‘To the top. Some years ago now. Class tells,’ he said demurely, and his lips curled in the very same private laughter he had allowed the mason to engrave on the tombstone, giving the lie to the depersonalised brow and marble eyelids, turning the dead mask into a living demon.

‘And then,’ he said reproachfully, ‘you had to come along and start looking for me— you, who weren’t going to swallow that grave without gagging. If you hadn’t turned so curious, after all this time, none of this need have happened. For God’s sake, why did you?’

She stared back at him wordlessly for a long minute, herself marvelling to find the landscape of her mind so miraculously changed. ‘I had you on my conscience,’ she said with deliberation. ‘I believed I owed you a life.’

Very softly, and with the most beguiling of smiles, he agreed: ‘And so you do.’

It could hardly be a surprise. She had known all along that she had gone too far to be left alive. Would he be talking to her like this, otherwise? From the beginning she had known at the back of her mind that she was talking chiefly to engage his attention, to make him forget time, to gain minutes as best she could. Because of the one thing he did not know about that Mahler performance of hers tonight, the fact that she had been waiting for the arrival of another visitor.

What if Francis was late in coming? He would come. And whatever others might think at finding her bedroom empty—that she had gone off of her own will, to some appointment in the woods, to somebody else’s bed, to the bottom of the lake—Francis would know better. Francis would know that she had been waiting for him, and that nothing would have induced her to leave the appointed place until he came. And whether he called in the police or not, he would begin a search for her on his own account until he found her.

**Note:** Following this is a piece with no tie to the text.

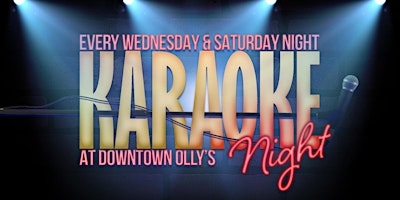 Wild Wednesday Karaoke - Downtown Olly's primary image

On that one chance she pinned her hope, and saw that it was still a substantial hope. No point in over- estimating it, though. For Robin wouldn’t be killing time with her in this idle way, however enjoyably, if he himself were not waiting for something.

At least go on talking, she thought. At least keep him from deciding not to wait, after all.

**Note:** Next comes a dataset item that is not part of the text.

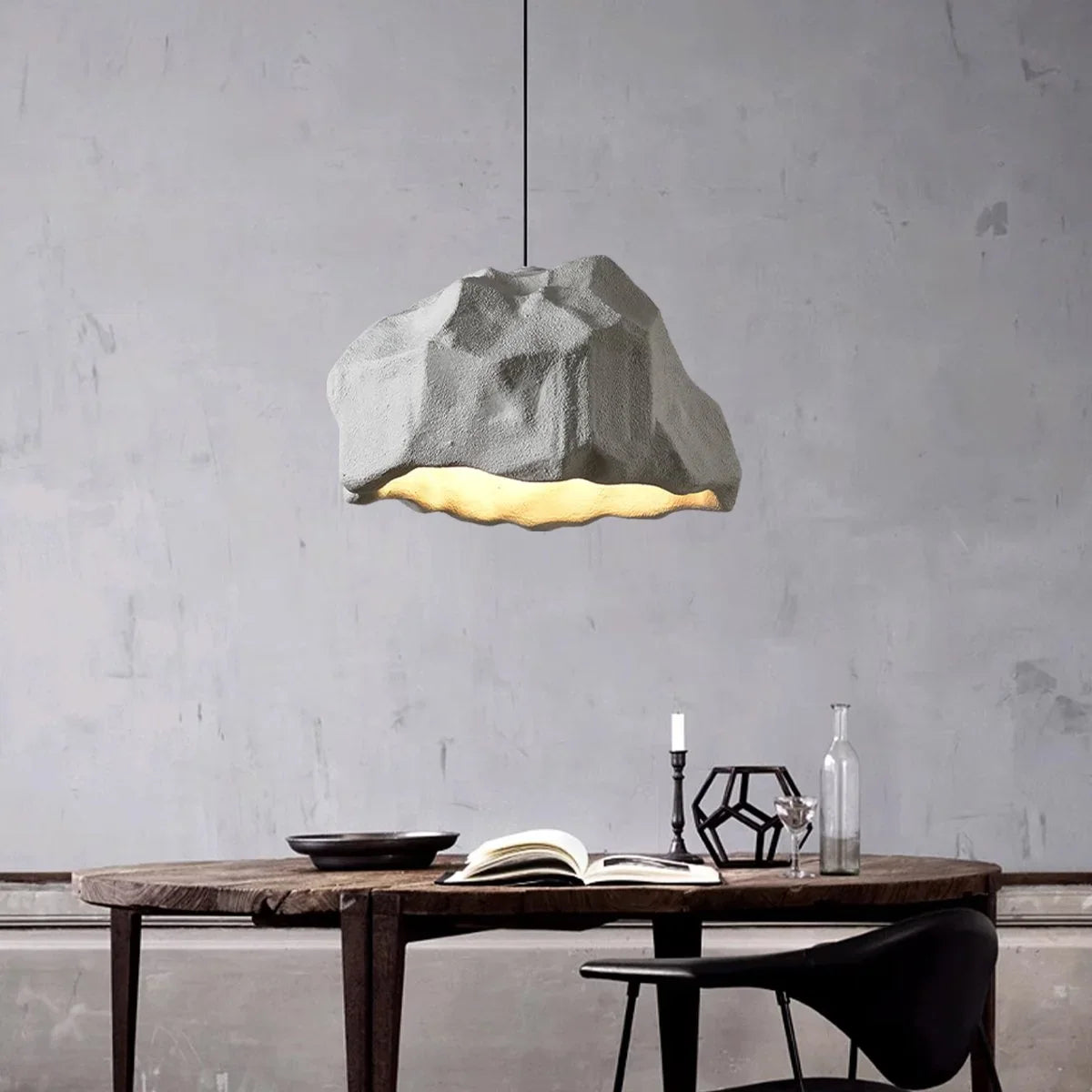 Creative Rock Shaped Pendant Light for Dining Room – detail 15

‘How do you intend to dispose of me?’ she asked conversationally.

His bright, probing, inscrutable yellow stare was fixed and blinding upon her face, and for once he was not smiling.

‘My dear girl, you set the whole scene yourself. Here are you with a recent record of illness and odd behaviour, and apparently with some sort of obsession about me, a small, sad episode in your distant past. And then your rest-home is invaded by a tragedy—a girl drowned in the lake. Suicide is infectious. Now they’re going to find your verandah door open, and a nice little trail laid down to the shore. I’ve seen to that. And on your piano, just as you left it, that wonderfully appropriate Mahler song about the dead lover returning by night to visit his beloved… Oh, yes, someone will be able to make the connection. With that sort of background, who’s going to be surprised that you finally ran off the rails altogether, and did away with yourself?’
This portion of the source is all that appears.